Sure, you can get into GR (which I know nothing of) but you posted some very basic classical mechanics formulae then wanted to discuss bringing them together. Those formulae aren't even right if you want to talk GR/quantum.

I probably don't really know what you were asking.

6. Feb 21, 2012

### elfmotat

Well there's clearly a force (in the context of Newton). How else do you explain the acceleration?

The gravitational acceleration experienced by an object is (locally) independent of the properties of that object (i.e. mass, shape, etc.). This is one way of stating the equivalence principle.

http://en.wikipedia.org/wiki/Equivalence_principle

I'd like to add that classical gravity is very well understood.

7. Feb 21, 2012

### zoobyshoe

I'm confused by this. The distance a mass covers during an acceleration certainly seems dependent on the force applied, since the acceleration is dependent on it. a = F/m

8. Feb 21, 2012

### gmax137

Then what's the value for "a" for a falling object? I'm assuming you're thinking, "here on earth it is 9.8 m/sec^2". Where does this value come from? You should be able to calculate it from Newton's law of gravitation.

9. Feb 21, 2012

### nasu

I am not sure what are you trying to prove. However your starting point is flawed, at least regarding the second equation.
I suppose you mean Kepler's third law. Here d is the major axis (or semi-axis, depends on what is K) of the orbit. It is not distance traveled, as in your first equation.
This is a constant for a given orbit so using v=d/t, as in your second form of the equation, is nonsense. It would also imply a constant speed around the orbit which is not the case for elliptic orbits.
Also does not make sense to compare this with the free fall equation. Labeling different quantities with the same letter does not make them similar.

10. Feb 21, 2012

### phillip1882

to nasu:
right, d in both equations is not ment to be distance traveled, but distance from orbiting body.
the third equation, v = d/k is for Galactic orbits, not the solar obits. (again d here is not distance traveled but distance from galactic center.)
Also I am well aware that labeling different quantites with the same letter does not make them similar. however, we know that all three equations should be similar in some unifying fashion. (in other words; all three equations should obey the same base law of gravity.)
to gmax:
i'd like to point out that Galileo knew the constant a to be roughly 10 meters per second^2 before Newton developed the theory of gravity. How? He simply observed falling obects, and calculated the rate.
I am well aware F = m*a.
however, gravity seems to behave in a very odd fashion at the galactic level with Newton's equation.

11. Feb 21, 2012

### gmax137

phillip, I will be more blunt. You said that whatever causes objects to be attracted does not involve mass. Several posters pointed out that your "a" in equation 1 involves both force and mass. I invited you to show us what "a" means. The answer is, "a" = GM/r^2, where G is newton's gravitational constant, M is the mass of the earth, and r is the radius of earth at the surface (where your equation 1 obtains).

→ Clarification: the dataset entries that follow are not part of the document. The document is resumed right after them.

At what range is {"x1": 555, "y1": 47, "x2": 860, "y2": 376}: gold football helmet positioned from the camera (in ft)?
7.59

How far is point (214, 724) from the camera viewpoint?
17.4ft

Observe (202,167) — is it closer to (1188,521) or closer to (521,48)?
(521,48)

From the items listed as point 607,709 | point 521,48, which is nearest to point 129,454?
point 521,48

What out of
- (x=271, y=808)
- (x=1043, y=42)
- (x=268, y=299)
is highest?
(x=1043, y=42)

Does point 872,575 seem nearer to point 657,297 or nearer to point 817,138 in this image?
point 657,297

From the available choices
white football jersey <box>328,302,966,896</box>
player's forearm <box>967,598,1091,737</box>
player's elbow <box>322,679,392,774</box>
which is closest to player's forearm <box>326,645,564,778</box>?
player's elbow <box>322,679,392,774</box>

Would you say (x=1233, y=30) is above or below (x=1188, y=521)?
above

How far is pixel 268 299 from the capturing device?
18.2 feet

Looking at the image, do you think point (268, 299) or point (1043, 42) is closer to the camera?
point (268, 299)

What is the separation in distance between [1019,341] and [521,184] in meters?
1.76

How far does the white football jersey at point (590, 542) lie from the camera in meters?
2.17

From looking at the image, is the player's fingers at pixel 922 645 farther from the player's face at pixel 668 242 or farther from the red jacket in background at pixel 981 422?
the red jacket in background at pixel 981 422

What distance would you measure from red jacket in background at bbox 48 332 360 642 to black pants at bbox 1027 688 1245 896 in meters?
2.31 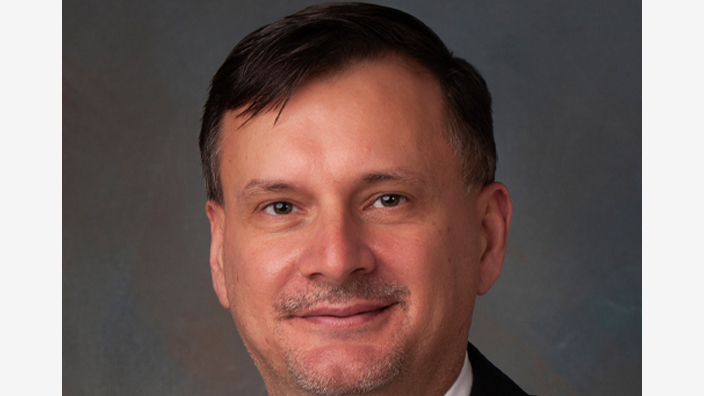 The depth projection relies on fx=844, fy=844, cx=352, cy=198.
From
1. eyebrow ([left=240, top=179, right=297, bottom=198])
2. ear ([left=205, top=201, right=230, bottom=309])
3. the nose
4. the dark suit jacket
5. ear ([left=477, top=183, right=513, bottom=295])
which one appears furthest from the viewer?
ear ([left=205, top=201, right=230, bottom=309])

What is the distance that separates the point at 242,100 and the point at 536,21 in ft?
7.25

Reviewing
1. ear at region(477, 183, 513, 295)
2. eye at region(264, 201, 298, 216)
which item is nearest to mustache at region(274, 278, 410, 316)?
eye at region(264, 201, 298, 216)

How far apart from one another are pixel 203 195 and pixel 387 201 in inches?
Result: 85.6

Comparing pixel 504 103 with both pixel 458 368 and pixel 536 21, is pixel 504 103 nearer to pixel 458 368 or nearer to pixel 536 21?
pixel 536 21

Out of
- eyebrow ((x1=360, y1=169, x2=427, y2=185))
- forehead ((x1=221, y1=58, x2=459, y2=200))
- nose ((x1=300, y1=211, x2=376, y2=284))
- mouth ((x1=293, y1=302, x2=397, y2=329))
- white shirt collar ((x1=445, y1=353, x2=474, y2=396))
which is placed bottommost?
white shirt collar ((x1=445, y1=353, x2=474, y2=396))

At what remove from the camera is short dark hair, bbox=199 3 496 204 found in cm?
275

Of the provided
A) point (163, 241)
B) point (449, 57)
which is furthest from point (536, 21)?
point (163, 241)

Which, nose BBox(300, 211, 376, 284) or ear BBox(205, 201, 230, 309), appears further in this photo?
ear BBox(205, 201, 230, 309)

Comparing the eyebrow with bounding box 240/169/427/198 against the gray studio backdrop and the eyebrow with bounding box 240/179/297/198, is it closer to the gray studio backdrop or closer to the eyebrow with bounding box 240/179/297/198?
the eyebrow with bounding box 240/179/297/198

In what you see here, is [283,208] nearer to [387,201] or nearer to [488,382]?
[387,201]

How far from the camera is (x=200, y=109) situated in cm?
467

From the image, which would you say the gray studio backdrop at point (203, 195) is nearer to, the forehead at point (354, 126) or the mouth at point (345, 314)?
the forehead at point (354, 126)

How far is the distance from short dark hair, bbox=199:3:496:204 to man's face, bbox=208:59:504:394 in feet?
0.15

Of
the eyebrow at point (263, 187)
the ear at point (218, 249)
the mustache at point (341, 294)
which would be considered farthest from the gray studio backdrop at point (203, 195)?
the mustache at point (341, 294) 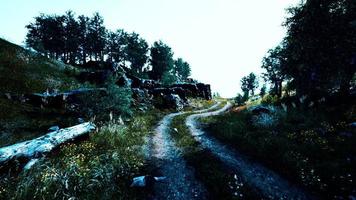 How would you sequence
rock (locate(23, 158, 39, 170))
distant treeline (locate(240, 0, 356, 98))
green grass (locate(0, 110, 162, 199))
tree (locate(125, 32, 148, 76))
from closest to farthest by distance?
green grass (locate(0, 110, 162, 199))
rock (locate(23, 158, 39, 170))
distant treeline (locate(240, 0, 356, 98))
tree (locate(125, 32, 148, 76))

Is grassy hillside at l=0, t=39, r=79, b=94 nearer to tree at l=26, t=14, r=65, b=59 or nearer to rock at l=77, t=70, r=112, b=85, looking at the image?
rock at l=77, t=70, r=112, b=85

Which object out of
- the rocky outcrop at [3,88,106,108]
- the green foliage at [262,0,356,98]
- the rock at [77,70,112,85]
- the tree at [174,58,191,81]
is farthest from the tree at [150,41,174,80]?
the green foliage at [262,0,356,98]

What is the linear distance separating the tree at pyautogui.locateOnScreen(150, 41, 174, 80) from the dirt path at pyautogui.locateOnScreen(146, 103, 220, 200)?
2217 inches

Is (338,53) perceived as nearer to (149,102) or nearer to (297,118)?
(297,118)

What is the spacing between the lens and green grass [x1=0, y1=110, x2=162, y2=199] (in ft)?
20.6

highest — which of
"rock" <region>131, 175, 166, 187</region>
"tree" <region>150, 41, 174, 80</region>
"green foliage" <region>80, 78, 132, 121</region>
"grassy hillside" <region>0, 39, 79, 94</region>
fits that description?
"tree" <region>150, 41, 174, 80</region>

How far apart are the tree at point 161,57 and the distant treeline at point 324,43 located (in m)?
48.8

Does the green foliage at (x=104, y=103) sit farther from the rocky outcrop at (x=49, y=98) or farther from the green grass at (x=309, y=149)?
the green grass at (x=309, y=149)

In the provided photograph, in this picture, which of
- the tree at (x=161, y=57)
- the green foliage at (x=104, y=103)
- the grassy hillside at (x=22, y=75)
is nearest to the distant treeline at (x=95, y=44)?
the tree at (x=161, y=57)

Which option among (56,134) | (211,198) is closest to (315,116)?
(211,198)

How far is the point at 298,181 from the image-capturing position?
25.2 ft

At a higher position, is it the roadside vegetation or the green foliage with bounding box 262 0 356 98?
the green foliage with bounding box 262 0 356 98

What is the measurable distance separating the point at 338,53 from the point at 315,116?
8.39 metres

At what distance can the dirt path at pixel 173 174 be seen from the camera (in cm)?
729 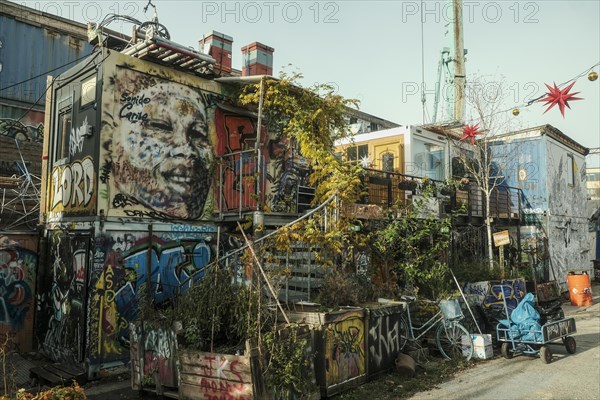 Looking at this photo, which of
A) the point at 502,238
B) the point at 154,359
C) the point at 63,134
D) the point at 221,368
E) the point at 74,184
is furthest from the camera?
the point at 502,238

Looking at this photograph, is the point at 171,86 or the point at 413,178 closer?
the point at 171,86

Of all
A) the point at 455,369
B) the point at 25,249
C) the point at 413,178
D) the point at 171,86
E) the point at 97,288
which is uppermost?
the point at 171,86

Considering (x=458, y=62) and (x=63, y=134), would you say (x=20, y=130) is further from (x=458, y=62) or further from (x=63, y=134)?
(x=458, y=62)

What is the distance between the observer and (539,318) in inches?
347

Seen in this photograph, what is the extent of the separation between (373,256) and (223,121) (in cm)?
471

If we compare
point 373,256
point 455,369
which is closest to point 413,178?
point 373,256

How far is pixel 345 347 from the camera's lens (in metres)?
6.82

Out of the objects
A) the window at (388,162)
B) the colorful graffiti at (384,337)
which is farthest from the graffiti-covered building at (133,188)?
the window at (388,162)

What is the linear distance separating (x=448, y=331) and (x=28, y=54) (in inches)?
636

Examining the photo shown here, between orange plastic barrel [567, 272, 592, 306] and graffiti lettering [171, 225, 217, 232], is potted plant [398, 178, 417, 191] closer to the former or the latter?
graffiti lettering [171, 225, 217, 232]

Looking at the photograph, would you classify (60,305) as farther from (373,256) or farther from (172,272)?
(373,256)

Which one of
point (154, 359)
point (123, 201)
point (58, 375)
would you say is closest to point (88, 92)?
point (123, 201)

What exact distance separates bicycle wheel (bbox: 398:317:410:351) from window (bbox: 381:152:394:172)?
8.37 meters

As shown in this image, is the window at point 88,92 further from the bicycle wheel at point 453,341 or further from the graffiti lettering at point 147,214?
the bicycle wheel at point 453,341
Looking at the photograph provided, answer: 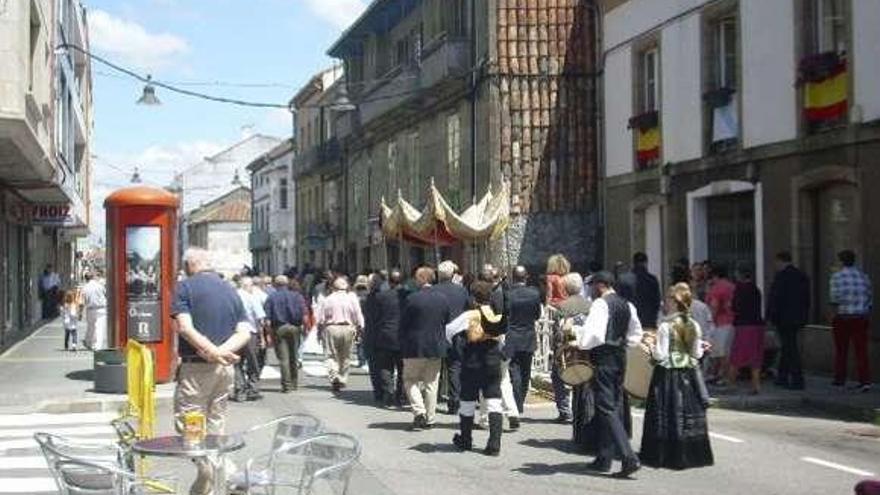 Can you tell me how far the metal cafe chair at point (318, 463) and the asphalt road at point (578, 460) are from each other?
2.70 metres

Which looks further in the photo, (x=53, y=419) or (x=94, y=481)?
(x=53, y=419)

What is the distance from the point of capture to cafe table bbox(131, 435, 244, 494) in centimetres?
627

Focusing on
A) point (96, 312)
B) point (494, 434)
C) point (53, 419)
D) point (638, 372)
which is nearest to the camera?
point (638, 372)

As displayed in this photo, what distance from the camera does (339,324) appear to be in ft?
53.3

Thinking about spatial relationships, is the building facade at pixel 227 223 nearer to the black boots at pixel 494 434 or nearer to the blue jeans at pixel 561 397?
the blue jeans at pixel 561 397

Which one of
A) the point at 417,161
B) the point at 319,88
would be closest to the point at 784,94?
the point at 417,161

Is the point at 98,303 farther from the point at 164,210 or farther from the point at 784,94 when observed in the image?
the point at 784,94

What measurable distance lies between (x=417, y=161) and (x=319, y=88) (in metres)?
21.0

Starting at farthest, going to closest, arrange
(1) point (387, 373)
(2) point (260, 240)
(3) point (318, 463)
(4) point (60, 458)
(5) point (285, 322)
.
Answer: (2) point (260, 240)
(5) point (285, 322)
(1) point (387, 373)
(3) point (318, 463)
(4) point (60, 458)

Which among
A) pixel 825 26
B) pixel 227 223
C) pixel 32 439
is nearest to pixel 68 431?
pixel 32 439

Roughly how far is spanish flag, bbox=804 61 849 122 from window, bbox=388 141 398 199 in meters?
19.7

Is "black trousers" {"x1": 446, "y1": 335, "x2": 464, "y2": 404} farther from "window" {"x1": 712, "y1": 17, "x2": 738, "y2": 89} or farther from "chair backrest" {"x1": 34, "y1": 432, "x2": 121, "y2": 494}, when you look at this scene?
"window" {"x1": 712, "y1": 17, "x2": 738, "y2": 89}

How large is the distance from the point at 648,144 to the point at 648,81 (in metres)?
1.38

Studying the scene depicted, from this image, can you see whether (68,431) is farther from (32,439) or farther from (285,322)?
(285,322) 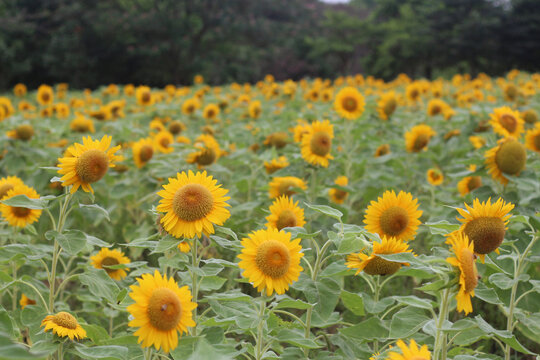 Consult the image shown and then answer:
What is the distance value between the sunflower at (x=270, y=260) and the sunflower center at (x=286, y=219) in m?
0.42

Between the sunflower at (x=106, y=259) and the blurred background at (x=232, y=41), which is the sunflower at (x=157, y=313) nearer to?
the sunflower at (x=106, y=259)

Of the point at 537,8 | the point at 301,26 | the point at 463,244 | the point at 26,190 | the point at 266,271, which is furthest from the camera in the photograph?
the point at 301,26

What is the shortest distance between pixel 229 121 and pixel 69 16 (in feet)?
39.9

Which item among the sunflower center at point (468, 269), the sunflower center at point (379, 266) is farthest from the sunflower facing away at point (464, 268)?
the sunflower center at point (379, 266)

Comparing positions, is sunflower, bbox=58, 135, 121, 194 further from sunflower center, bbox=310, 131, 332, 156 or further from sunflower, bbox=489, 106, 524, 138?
sunflower, bbox=489, 106, 524, 138

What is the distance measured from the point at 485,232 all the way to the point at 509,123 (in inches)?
65.0

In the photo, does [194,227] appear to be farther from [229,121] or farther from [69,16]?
[69,16]

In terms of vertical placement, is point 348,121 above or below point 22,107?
above

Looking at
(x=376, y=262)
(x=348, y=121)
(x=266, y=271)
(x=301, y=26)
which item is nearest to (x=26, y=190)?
(x=266, y=271)

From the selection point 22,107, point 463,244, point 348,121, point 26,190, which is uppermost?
point 463,244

I don't understand the remainder of your posts either.

12. Feb 21, 2012

### Integral

Staff Emeritus
In response to the OP.

The equations you quote are not fundamental. They are derived, under the assumptions for which they are true mass is not needed. What you are doing is looking at a cake and claiming that it does not have eggs and flour as ingredients because you cannot see them.

I would recommend that before making claims about physical theories that you actually research them a little.

13. Feb 21, 2012

### nasu

In the equation
d = 1/2 *a*t^2
"d" is distance traveled. This equation is not actually specific for gravity.
It is valid for motion with constant acceleration so it applies approximately for free fall in proximity of the planetary surface.
It does not apply to orbital motion of planets.

In the Kepler's law d is an orbital parameter and not the distance from the "orbiting body". It is a fixed quantity for a given orbit. The distance of the orbiting body from the central body is a variable quantity.

Well, your statements seems to indicate that you are not.
Regarding the statement that the equations should "obey" some law, is not very clear what you mean. The first equation is valid for motion under any constant force so there is really no need for it to "obey" the law of gravity any more than other laws.

14. Feb 21, 2012

### phillip1882

You gentlemen are very nit-picky. I realize the details are important, and I wasn't as clear on them as I should be, but no one has yet to even address my primary concern.
let me state it again. THERE IS NO KNOWN EQUATION FOR GRAVITY WHICH UNIFIES THE THREE GIVEN EQUATIONS.

Again, Newton falls short at the galactic level unless you assume 90% of matter is undetectable. A very precarious state in my opinion.

15. Feb 21, 2012

### Staff: Mentor

Both that and the other concern you listed are wrong: the link between the three is Newton's law of gravity (or for higher accuracy, GR).
Precarious or not, there isn't anything else to go on. Given the choice of two assumptions (there is a different law of gravity acting on the galactic level or there is more mass we can't see), you should pick the simpler of them.
I'll be blunt too...

We're not being nit-picky: What you did seems purposely intended to obfuscate the falseness of your claims. It makes you look like a crackpot.

16. Feb 21, 2012

### genericusrnme

'so, whatever is causing objects to be attracted must a) not involve mass'

This is like me saying the repulsion between a + charge and a + charge isn't due to the electric charge because they cancel on both sides...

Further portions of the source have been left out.